Not only do Guard (and Reserve) units get hand me downs, in many cases there are no hand me downs to hand down. Very rarely are all the active duty units up to full complement in areas like communications, logistics support and motor transport. This was a problem even during the fat years of the Reagan Era. (The Clinton administration was able to improve overall on hand readiness in the Army by simply shutting down entire divisions. The reason so many guard units are equipped with modern systems like the M1 is that Clinton reduced the number of Army divisions from 18 to 10. It’s a good thing we didn’t need that big Army anymore!)
Why? Because there is no natural political constituency for awarding big fat procurement contracts for “luxuries” like field radios and armored vests. It goes without saying that while the President proposes Congress disposes. A nifty new destroyer keeps thousands of high paying skilled laborers employed at the Bath Iron Works, in Maine. A contract for 1,500 Sincgars radios might employ 150 people for five years in one congressional district. Then that’s probably enough field radios to equip ten battalions of the National Guard.

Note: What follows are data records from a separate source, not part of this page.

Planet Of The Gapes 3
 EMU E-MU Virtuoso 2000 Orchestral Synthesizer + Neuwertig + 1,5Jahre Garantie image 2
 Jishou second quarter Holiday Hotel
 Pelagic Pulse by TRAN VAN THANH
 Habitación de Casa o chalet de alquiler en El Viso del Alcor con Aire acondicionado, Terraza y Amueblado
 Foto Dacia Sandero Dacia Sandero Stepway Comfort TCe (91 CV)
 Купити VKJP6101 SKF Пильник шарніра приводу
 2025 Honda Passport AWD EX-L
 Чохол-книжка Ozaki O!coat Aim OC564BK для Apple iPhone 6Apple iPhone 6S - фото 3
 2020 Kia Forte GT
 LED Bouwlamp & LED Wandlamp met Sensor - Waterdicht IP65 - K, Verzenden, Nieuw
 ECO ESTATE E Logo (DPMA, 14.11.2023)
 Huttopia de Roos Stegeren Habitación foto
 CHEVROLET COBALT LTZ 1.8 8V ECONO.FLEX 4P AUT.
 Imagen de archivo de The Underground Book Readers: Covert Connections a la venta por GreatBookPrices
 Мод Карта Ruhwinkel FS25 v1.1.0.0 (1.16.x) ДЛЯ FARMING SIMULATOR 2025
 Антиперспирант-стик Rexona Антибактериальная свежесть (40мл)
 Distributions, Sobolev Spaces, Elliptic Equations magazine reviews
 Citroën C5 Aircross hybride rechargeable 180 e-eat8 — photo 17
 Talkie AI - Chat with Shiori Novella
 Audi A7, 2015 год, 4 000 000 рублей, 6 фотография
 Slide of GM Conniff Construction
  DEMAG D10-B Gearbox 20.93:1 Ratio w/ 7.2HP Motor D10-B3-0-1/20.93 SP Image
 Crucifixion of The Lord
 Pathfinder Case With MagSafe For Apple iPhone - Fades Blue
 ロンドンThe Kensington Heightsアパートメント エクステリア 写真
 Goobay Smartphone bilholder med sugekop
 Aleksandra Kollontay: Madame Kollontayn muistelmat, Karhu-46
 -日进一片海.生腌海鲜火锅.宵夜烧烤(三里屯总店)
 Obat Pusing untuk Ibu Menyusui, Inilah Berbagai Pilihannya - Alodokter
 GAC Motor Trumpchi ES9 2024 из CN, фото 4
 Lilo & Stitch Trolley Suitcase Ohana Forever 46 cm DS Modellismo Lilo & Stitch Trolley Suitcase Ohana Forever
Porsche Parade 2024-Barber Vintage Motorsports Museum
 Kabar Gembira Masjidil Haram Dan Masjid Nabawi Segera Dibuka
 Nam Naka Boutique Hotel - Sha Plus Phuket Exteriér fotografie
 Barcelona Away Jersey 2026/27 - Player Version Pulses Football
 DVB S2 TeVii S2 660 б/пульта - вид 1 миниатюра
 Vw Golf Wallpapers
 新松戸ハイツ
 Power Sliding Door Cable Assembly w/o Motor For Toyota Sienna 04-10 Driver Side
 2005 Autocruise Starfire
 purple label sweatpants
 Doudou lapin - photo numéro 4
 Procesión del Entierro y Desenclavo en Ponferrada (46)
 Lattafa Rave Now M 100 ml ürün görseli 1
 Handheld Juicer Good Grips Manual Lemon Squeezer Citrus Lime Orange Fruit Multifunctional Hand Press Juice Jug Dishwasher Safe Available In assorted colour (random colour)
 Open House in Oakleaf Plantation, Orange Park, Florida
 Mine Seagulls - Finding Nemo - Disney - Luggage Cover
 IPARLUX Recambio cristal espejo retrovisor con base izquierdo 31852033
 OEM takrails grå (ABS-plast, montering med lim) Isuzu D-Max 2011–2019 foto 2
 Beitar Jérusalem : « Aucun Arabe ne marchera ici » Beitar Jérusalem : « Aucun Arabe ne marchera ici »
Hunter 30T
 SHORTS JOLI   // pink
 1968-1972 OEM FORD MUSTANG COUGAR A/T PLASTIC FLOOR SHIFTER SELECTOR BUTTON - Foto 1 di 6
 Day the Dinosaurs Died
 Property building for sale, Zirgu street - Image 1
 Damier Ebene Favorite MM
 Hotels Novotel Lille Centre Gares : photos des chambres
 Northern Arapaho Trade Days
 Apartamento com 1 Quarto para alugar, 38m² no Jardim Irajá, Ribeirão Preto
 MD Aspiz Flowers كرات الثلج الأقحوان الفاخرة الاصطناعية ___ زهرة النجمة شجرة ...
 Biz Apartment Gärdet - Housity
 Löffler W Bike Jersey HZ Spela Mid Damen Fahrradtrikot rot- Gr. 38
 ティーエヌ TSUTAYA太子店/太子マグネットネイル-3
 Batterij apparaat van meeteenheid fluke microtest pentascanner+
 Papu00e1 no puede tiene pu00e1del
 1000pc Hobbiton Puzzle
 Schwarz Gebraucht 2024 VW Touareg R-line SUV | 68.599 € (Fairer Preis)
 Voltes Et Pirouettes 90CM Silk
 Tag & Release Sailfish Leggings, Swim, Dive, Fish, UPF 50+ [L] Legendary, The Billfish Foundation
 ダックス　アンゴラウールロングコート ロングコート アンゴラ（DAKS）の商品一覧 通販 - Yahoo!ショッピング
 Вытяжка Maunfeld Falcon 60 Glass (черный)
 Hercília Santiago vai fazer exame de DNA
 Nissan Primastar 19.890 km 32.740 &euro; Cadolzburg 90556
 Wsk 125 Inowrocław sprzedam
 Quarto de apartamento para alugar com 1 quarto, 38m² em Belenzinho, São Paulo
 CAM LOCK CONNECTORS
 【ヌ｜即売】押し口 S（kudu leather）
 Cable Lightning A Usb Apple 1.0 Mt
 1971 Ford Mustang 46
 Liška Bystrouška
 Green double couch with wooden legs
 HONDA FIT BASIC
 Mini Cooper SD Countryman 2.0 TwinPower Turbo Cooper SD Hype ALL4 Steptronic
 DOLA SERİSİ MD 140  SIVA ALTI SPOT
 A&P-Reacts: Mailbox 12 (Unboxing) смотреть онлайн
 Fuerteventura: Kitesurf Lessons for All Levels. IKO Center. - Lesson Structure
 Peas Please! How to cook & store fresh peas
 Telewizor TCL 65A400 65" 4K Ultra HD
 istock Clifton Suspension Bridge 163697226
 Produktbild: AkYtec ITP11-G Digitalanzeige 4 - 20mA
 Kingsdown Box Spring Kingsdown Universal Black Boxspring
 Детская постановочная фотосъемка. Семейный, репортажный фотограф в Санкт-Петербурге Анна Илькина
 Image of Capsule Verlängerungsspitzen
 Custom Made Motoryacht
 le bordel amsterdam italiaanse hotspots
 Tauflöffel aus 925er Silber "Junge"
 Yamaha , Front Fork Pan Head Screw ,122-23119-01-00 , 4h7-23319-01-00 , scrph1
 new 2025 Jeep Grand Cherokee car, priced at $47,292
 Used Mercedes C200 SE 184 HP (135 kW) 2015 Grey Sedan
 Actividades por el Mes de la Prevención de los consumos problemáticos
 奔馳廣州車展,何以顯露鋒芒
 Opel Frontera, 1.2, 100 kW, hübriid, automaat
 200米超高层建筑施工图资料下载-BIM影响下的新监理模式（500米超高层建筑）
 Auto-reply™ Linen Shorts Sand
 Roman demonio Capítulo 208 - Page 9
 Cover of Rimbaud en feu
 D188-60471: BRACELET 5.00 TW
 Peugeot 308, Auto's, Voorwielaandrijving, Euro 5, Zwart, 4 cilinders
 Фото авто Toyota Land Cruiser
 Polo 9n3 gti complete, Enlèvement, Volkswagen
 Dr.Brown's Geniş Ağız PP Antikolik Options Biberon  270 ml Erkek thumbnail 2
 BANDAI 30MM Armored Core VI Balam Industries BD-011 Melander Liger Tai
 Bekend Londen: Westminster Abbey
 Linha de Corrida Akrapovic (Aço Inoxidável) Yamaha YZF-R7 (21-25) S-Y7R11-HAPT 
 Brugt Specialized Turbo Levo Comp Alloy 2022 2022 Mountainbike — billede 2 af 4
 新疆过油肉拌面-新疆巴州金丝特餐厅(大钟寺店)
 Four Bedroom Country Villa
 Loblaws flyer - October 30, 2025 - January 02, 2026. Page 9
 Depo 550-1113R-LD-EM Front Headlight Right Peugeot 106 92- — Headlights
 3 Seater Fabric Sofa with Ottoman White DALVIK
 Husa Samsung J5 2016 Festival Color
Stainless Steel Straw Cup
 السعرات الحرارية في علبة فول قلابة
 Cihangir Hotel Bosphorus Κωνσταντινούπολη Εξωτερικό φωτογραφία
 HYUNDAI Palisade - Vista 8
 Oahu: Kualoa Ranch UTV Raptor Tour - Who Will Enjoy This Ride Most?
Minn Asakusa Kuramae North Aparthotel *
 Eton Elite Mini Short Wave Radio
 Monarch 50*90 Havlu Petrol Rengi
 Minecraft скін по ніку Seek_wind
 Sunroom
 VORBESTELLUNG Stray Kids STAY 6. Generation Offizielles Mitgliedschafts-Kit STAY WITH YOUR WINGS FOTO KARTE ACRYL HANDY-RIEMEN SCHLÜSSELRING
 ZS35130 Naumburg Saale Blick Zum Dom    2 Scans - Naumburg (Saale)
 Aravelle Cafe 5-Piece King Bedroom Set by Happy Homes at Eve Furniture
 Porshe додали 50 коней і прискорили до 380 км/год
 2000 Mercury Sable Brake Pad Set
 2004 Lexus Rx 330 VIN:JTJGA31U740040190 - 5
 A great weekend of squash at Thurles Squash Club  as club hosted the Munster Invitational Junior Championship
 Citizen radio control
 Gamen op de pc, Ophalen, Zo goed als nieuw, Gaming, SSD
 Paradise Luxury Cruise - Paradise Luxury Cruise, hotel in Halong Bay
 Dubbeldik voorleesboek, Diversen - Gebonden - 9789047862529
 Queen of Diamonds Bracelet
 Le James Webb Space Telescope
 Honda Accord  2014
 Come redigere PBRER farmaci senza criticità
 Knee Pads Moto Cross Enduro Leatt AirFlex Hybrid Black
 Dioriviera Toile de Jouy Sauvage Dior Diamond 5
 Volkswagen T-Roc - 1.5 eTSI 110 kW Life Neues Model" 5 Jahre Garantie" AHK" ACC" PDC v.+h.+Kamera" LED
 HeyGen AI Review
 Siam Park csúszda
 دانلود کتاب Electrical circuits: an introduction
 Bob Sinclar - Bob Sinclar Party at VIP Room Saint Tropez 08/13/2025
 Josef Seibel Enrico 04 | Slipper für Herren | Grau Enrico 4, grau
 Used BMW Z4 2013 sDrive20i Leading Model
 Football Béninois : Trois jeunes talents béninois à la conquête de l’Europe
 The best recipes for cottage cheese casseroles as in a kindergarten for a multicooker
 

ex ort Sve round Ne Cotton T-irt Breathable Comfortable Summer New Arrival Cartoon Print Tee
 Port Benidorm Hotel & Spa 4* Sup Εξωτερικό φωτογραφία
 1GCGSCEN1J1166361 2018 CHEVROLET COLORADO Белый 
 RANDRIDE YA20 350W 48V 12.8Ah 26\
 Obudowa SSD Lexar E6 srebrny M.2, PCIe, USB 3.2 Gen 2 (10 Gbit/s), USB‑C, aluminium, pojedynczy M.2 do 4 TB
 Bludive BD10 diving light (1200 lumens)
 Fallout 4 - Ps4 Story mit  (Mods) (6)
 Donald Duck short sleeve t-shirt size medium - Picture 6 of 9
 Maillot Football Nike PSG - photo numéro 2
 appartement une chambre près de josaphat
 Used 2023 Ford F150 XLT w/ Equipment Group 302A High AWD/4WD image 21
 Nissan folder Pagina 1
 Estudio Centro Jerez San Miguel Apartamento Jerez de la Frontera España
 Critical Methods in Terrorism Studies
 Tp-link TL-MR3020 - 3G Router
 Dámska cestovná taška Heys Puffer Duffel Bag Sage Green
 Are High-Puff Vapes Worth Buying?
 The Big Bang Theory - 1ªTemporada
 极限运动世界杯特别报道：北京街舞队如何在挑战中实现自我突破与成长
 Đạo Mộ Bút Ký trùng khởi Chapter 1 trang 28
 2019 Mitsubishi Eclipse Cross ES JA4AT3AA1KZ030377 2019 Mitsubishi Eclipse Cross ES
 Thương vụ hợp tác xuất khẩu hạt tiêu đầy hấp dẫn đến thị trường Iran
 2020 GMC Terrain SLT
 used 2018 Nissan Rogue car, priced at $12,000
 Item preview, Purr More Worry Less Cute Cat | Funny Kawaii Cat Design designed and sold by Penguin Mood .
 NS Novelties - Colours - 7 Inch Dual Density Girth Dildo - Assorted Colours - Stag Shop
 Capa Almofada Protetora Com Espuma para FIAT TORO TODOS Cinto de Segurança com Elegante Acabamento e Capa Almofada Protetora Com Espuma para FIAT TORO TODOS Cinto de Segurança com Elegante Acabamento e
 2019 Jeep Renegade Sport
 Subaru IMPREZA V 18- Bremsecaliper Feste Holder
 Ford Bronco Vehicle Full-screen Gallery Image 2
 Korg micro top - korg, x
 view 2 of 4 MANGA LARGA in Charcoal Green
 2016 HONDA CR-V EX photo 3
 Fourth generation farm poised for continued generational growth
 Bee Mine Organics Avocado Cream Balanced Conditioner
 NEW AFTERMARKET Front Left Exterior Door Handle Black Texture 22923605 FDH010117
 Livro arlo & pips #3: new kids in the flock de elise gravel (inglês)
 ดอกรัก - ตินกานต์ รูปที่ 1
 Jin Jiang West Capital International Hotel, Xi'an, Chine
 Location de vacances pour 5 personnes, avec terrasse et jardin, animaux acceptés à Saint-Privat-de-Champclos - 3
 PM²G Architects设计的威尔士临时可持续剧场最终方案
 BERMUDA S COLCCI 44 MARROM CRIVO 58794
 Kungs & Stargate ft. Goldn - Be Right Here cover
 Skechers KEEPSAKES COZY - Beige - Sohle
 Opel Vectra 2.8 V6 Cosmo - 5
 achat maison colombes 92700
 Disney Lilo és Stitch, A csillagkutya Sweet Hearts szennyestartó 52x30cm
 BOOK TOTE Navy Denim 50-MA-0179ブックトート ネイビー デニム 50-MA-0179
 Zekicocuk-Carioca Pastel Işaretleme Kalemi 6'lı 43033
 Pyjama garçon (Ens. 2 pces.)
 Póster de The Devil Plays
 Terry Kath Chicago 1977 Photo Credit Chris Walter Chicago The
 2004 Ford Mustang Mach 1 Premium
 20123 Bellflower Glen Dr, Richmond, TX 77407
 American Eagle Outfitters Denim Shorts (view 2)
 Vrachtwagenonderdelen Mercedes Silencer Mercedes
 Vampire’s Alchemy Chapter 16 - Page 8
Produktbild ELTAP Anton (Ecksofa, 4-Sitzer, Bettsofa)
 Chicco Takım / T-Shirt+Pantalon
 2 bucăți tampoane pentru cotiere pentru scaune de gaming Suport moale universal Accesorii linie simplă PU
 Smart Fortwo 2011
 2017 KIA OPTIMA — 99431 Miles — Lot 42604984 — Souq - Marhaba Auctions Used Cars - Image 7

All that said, the idea that a field radio is obsolete is a bit of a stretch. If the primary requirement is capability to talk from point A to point B, then the old style PRC and VRC radio sets from the 1960s function well enough. I will acknowledge that those radios are less capable than modern sets and that due to age they may be more difficult to keep in service. Still, all you need for disaster relief is basic push to talk technology.
I’m all for giving the bestest most modern stuff to all the services. When it comes down to choosing between radios for the Guard and a bridge to nowhere in Alaska, that’s an easy one.